From the material below, copy exactly the lines beginning with the one that contains "2010 Hyster Fork Lift" and ending with the one that contains "219 5th Avenue W Gravelbourg SK S0H 1X0"; the pictures stay out.

[RECORDS SHOWN]

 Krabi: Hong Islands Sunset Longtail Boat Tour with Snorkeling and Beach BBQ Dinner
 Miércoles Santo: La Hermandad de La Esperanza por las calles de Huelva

[/RECORDS SHOWN]
[RECORDS SHOWN]

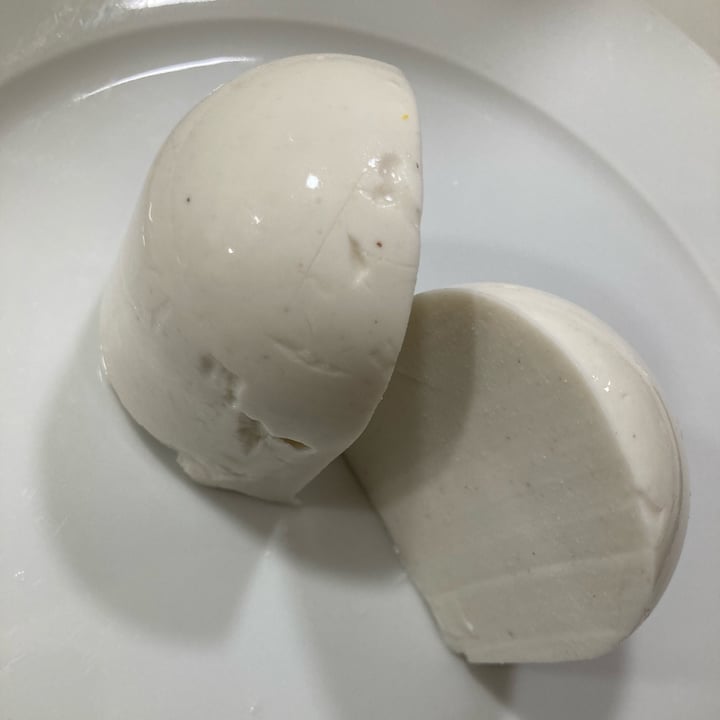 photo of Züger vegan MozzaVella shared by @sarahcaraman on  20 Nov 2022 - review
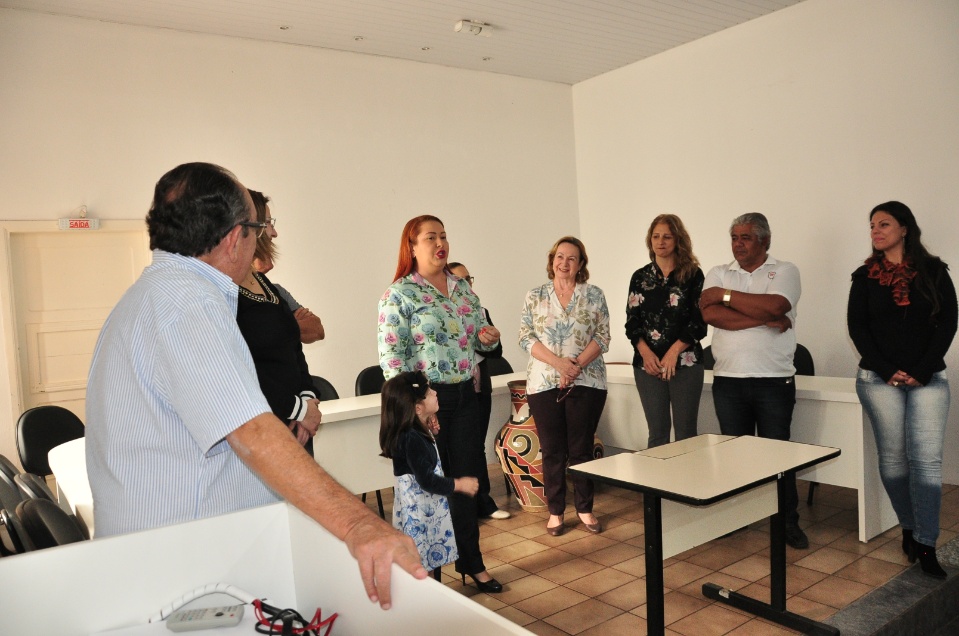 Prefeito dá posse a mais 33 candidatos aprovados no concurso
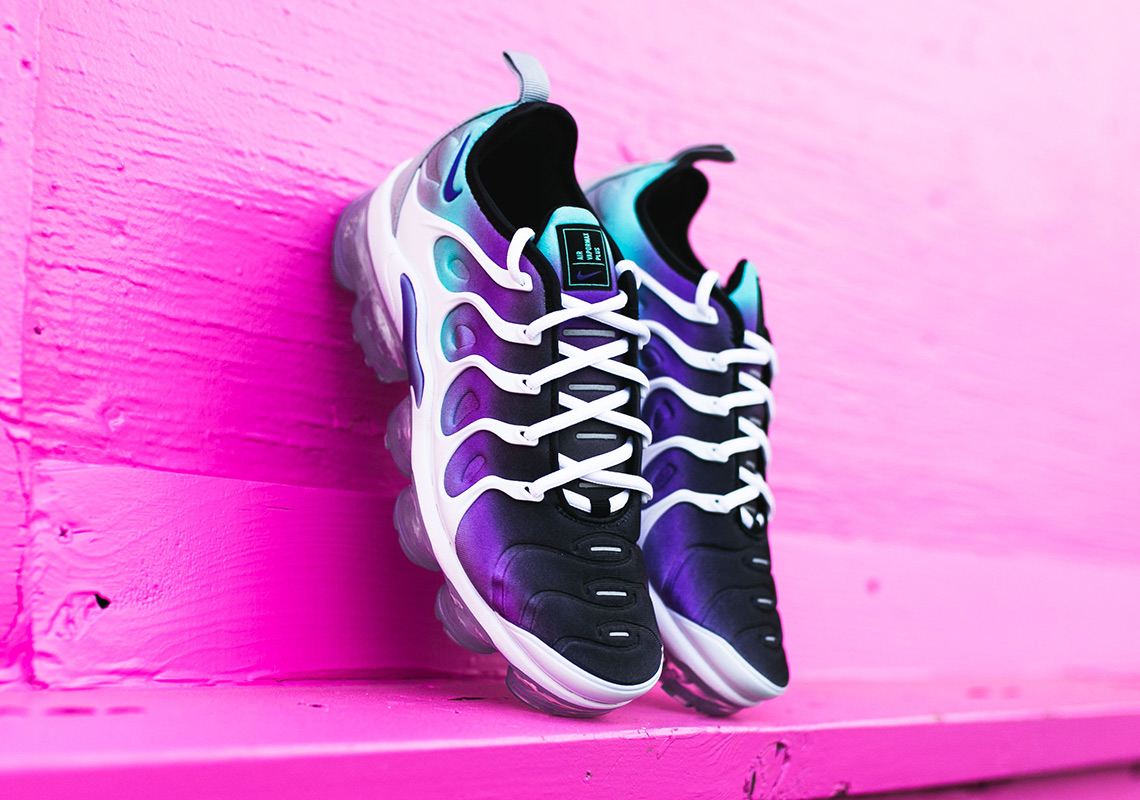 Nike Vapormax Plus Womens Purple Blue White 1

[/RECORDS SHOWN]
[RECORDS SHOWN]

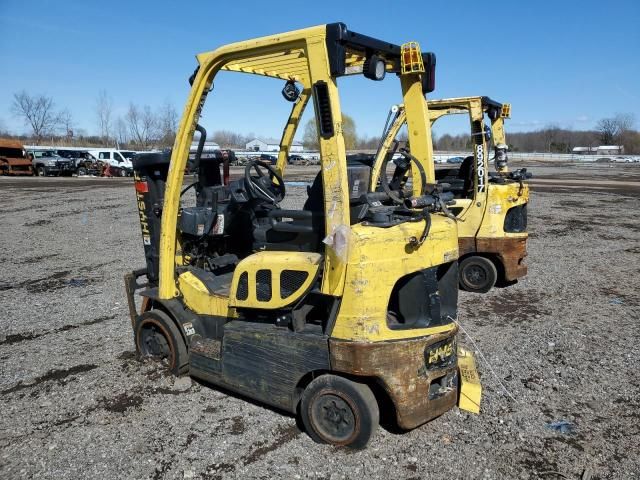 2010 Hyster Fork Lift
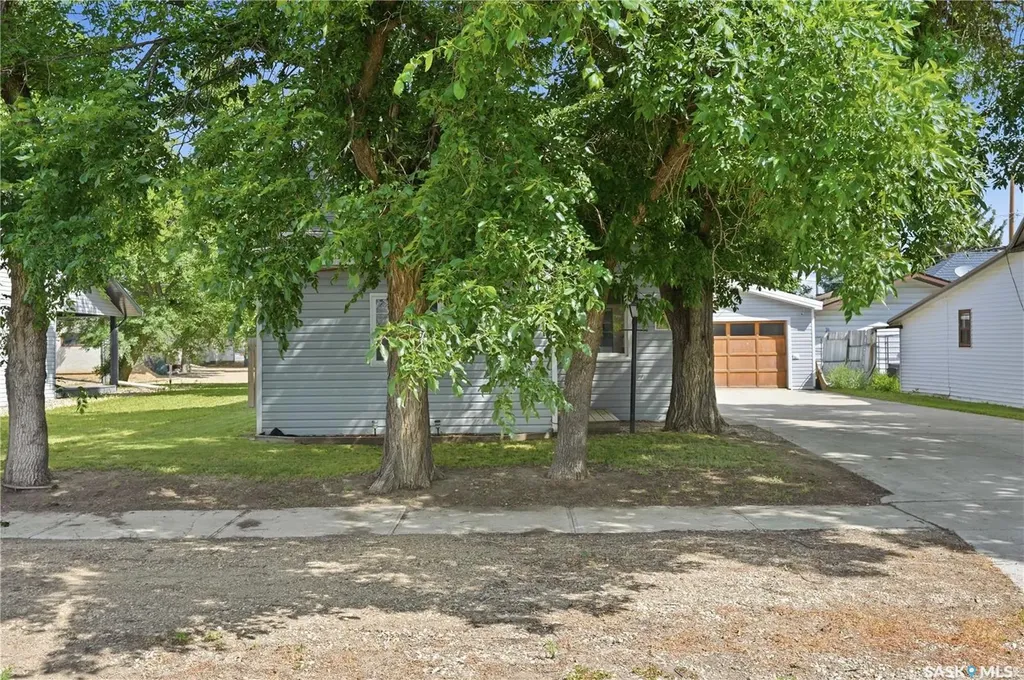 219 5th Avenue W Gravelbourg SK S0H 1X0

[/RECORDS SHOWN]

→ **WRITTEN SOLUTION**:
 2010 Hyster Fork Lift
 219 5th Avenue W Gravelbourg SK S0H 1X0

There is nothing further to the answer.